The molecular mechanism of vitamin D’s role in MS

Low vitamin D: chicken or egg? #MSBlog #MSResearch

“Chicken or egg? The study below shows that MS disease activity on IFN-beta is linked to low vD levels and suggest the mechanism is via complex network of gene regulation. What this study does not address is whether the low vD levels are a consequence of MS disease activity; the so called consumptive hypovitaminosis D hypothesis. There is published data showing that proliferating T cell, which are the major players in autoimmunity, consume vD as part of their proliferative response. The only way to sort out association (consumptive hypovitaminosis) from causation (low vD levels cause MS disease activity) is to do a randomised double-blind placebo-controlled trial of vD supplementation in MS. The good news is that there are several clinical trials that are currently underway. The bad news is that I think all of these studies are underpowered and are unlikely to give a definitive answer.”

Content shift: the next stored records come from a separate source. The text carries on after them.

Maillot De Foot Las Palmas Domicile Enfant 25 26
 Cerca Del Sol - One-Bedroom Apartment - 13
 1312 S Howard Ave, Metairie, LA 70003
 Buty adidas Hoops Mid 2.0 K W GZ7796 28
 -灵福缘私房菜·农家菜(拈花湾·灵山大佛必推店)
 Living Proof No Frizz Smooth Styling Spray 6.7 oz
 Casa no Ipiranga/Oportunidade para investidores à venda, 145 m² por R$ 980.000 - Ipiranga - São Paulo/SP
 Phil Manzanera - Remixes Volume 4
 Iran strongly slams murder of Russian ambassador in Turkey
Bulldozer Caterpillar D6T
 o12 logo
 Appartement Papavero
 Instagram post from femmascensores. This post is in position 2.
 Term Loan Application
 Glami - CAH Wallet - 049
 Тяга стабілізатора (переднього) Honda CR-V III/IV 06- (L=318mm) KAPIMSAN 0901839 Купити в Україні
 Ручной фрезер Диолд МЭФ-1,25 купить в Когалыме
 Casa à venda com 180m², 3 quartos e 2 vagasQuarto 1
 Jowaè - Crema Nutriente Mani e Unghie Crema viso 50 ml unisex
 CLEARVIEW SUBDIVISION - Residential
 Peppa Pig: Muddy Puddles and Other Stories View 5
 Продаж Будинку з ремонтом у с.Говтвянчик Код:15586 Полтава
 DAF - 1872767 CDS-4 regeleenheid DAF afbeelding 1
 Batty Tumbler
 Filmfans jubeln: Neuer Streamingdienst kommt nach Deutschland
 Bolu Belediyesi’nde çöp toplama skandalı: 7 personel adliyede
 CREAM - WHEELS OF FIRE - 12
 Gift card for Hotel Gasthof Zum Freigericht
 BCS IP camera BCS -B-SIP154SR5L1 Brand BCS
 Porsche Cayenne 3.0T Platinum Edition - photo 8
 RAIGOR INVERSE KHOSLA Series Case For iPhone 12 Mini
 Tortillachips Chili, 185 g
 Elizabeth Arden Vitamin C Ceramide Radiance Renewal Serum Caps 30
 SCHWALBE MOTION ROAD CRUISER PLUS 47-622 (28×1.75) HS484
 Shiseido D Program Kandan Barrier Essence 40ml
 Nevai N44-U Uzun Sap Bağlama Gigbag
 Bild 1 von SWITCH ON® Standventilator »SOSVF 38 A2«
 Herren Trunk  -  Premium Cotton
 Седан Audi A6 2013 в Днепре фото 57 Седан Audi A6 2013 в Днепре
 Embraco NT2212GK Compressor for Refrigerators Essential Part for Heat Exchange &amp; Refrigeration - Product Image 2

“The other elephant in the room is that vD is simply a surrogate for lack of sun exposure and it the poor sun exposure that is important. Professor Robyn Lucas, in Canberra, Australia, has been saying for years that it is not simply low vD that is important, but poor sun exposure. As lymphocytes and other immune cells pass through the tiny blood vessels, or capillaries, in the skin they are exposed to ultraviolet (UV)-A and UV-B light that affects their function. Robyn claims that it is the immunomodulatory function of sunlight that is important. You may interested to know that so called light therapy, or heliotherapy, has been around for millennia. If it is light that is important then the vD supplementation trials will be negative. As this topic is so hot at the moment I will invite Robyn to do a guest post on this topic.”

“The following is an old slideshow of mine that tries to capture the complexity of the role vD may, or may not, play in MS. What is clear is that we as a community can’t ignore it anymore. Please note that we actively monitor vD levels in our patients and supplement to a target of >100nmol/L, but less than 250 nmol/L. Why? We do this as part of our bone health and not to modify the course of MS. Unfortunately, we have no data to support the latter. The dose of vD supplementation we recommend is based on the advice of the Vitamin D Council.”

Munger et al. Molecular mechanism underlying the impact of vitamin D on disease activity of MS.  Ann Clin Transl Neurol. 2014 1(8):605-17. d

OBJECTIVE: Some previous studies suggest modest to strong effects of 25-hydroxyvitamin D (25(OH)D) on multiple sclerosis (MS) activity. The objective of this study was to explore the mechanistic rationale that may explain potential clinical effects of 25(OH)D.

METHODS: This study measured serum 25(OH)D levels and global gene expression profiles over a course of up to 2 years in CISers starting treatment with interferon beta-1b (IFNB-1b) after a clinically isolated syndrome. MS disease activity was assessed by the number of gadolinium-enhancing lesions present on repeated magnetic resonance imaging (MRIs).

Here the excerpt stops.